YOUR GOAL => Which lines to output? The line containing "Dickies メンズ ボクサーパンツ" and every line after it in the data below, each copied exactly.

### RECORDS PROVIDED

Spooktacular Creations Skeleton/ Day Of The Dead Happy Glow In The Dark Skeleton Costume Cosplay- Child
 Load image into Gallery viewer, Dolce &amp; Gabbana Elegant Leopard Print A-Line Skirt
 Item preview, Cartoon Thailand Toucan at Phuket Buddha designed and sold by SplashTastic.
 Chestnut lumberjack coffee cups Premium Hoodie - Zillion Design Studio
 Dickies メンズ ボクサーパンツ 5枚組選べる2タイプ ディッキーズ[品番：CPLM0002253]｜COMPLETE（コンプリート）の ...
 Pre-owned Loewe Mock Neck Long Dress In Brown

######

ANSWER TO THIS TASK =>
 Dickies メンズ ボクサーパンツ 5枚組選べる2タイプ ディッキーズ[品番：CPLM0002253]｜COMPLETE（コンプリート）の ...
 Pre-owned Loewe Mock Neck Long Dress In Brown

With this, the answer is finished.